Hence, these studies have all shown that the experience of running a trail race corresponds to the various dimensions of the runners’ activity [34]. These dimensions document the processes involved when runners prepare for a race or confront difficulties in the race, and during key moments of performance. Moreover, the notion of vitality embeds all these dimensions. Subjective vitality is “a conscious experience of possessing energy and aliveness” ([35], p.530), which can also be absent in other contexts. These authors emphasized that vitality is a psychological experience that depends on a physiological state (e.g., fatigue, illness) and psychological states.
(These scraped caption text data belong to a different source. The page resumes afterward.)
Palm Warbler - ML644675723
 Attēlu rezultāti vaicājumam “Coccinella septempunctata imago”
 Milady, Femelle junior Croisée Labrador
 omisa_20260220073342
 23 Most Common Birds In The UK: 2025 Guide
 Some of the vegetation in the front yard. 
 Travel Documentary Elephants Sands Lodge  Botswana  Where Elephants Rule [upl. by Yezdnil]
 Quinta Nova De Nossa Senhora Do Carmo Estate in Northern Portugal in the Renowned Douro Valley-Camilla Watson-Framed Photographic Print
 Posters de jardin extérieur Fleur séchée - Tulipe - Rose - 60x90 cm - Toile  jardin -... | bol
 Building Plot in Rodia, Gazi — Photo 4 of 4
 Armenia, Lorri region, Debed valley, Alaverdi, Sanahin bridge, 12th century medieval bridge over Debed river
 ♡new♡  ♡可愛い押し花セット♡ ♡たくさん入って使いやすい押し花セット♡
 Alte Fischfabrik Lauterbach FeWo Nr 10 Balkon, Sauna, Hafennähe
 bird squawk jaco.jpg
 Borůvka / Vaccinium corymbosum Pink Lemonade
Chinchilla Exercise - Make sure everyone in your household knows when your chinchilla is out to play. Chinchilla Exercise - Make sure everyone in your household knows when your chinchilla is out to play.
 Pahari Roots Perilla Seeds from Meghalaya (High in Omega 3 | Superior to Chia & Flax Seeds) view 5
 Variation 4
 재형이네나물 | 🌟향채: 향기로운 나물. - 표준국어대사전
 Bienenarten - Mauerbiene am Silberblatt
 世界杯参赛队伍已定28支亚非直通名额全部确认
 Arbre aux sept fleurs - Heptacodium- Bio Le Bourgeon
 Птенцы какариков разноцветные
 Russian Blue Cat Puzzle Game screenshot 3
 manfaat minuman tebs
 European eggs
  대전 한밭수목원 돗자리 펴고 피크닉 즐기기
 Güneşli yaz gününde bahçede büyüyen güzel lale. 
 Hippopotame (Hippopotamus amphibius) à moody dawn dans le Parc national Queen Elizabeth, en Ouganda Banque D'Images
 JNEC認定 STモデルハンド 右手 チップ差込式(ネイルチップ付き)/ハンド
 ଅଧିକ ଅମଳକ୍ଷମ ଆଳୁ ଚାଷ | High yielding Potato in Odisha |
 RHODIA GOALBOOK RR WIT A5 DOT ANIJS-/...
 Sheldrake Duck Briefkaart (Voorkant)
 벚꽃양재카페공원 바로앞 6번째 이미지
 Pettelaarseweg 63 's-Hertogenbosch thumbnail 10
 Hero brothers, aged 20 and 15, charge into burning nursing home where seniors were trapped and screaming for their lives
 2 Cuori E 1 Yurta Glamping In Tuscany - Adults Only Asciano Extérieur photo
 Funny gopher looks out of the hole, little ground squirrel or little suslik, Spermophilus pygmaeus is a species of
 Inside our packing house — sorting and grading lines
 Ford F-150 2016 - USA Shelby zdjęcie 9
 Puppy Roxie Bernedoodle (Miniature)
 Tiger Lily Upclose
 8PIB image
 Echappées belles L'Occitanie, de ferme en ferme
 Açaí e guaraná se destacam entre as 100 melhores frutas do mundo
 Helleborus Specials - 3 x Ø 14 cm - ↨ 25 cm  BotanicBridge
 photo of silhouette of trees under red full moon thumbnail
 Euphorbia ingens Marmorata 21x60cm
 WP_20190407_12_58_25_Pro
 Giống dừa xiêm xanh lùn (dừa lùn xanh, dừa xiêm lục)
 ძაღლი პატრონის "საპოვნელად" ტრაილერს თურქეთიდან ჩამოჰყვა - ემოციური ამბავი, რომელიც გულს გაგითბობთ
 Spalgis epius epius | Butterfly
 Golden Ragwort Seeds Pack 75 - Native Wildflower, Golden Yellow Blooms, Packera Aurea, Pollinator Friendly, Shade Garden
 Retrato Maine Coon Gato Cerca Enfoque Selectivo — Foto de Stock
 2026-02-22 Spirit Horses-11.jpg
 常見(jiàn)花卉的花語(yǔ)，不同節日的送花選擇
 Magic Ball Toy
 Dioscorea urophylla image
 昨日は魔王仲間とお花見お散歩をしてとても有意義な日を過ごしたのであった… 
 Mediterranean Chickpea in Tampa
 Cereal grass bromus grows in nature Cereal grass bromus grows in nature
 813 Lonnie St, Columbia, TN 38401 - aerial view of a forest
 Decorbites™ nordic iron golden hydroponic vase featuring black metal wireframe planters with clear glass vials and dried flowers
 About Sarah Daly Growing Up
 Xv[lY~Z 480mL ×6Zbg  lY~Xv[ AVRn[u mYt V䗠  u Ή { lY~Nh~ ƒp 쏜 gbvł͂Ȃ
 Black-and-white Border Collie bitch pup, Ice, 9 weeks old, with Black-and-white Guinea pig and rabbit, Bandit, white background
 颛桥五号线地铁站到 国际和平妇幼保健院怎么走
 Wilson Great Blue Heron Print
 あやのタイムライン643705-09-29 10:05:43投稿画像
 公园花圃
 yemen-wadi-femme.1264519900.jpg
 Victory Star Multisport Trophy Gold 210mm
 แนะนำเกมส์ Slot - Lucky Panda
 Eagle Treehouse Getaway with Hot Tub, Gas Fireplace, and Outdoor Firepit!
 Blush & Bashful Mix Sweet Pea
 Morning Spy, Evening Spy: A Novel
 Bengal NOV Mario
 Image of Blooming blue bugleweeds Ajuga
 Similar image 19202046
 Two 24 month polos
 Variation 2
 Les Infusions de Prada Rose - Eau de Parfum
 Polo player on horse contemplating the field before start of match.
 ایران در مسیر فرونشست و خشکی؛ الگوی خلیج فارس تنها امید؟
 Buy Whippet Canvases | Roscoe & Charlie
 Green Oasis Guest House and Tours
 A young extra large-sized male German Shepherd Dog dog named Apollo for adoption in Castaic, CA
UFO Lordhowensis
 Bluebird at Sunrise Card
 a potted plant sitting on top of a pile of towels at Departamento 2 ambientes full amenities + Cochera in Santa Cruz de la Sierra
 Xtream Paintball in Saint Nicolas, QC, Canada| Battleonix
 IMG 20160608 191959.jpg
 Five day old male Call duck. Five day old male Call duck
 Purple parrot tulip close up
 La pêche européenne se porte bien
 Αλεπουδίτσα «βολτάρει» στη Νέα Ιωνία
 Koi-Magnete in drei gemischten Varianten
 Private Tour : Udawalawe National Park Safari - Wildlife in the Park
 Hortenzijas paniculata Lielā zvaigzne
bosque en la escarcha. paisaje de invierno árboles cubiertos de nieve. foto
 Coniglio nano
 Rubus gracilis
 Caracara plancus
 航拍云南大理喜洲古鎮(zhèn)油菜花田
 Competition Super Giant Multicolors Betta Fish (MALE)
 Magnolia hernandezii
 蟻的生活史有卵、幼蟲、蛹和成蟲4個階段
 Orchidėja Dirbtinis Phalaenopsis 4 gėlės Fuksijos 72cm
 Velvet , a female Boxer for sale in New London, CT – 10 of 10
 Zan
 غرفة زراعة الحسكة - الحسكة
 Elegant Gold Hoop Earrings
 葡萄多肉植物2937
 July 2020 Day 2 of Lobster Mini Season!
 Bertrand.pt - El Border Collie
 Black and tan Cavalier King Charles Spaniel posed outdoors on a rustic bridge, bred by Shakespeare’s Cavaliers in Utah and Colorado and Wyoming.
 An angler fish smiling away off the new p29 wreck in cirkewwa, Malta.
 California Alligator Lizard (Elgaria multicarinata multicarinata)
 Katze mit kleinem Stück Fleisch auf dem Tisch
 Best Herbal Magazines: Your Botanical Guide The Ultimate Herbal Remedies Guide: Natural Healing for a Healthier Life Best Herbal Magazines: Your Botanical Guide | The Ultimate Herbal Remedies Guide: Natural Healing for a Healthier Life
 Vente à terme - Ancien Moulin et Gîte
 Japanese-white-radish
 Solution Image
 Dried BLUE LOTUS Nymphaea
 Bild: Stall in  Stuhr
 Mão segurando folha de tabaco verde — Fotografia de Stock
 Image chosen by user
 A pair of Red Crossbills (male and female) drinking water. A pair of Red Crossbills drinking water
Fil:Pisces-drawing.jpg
Therefore, based on the evidence that vitality has phenomenological anchorage, we assume that it (2) embeds physiological and psychological processes that constitute heterogeneous information synthesized into mental unity and (2) can fluctuate according to the context.

There are several ways to analyze vitality, which has been conceived as a global state [35] and has been used to investigate well-being and mindfulness [36,37] with a validated scale to measure it [38]. However, although this scale provides information about a subject’s general well-being in relation to other factors (i.e., friendship, intrinsic values), the temporal fluctuations of vitality still remain unclear. We postulate that trail runners’ experiences and meaning are timely and structured [39], reflecting an emergent process of experiencing the race situation. Indeed, as previously emphasized, runners experience phenomenological vitality states, and analysis of the temporal organization of these states might provide an understanding of how they emerge. This in turn might provide insight into the runners’ adaptations to the phenomenological vitality states and thereby explain race outcomes (finish vs. withdraw).

We sought to connect this conception of vitality with the existing literature about trail running and endurance running and identified three vitality states. The first was a “state of vitality loss” (i.e., SVL) that runners may experience during a trail race, prompting them to withdraw because of the constraints typical of this sport [40]. Conversely, runners may also live a “state of vitality revival” (i.e., SVR) in which they feel good sensations and positive moments. Third, the protective processes emerging during these races suggest that runners experience a “state of vitality preservation” (i.e., SVP), which suggests that withdrawers might not be exclusively those who experience SVL, but also those who cannot preserve themselves sufficiently. They therefore experience more vitality loss during the race and progressively become unable to finish [32]. Comparing how these phenomenological vitality states evolve in finishers and withdrawers may provide insight into the processes that lead to withdrawal from or completion of the race. By providing a qualitative description of the race outcome, the temporal organization of SVL, SVP and SVR may be important not only to understand how an immediate state can impact the following states, but also to further explore how the positive mood states that runners experience during long races are able to re-launch them completely after a period of suffering or vitality loss. We hypothesized that (1) performance outcomes (finish vs. withdraw) would result from the temporal organization and interactions of these phenomenological states and (2) the lack of a vitality revival during a race would prompt a runner’s decision to withdraw.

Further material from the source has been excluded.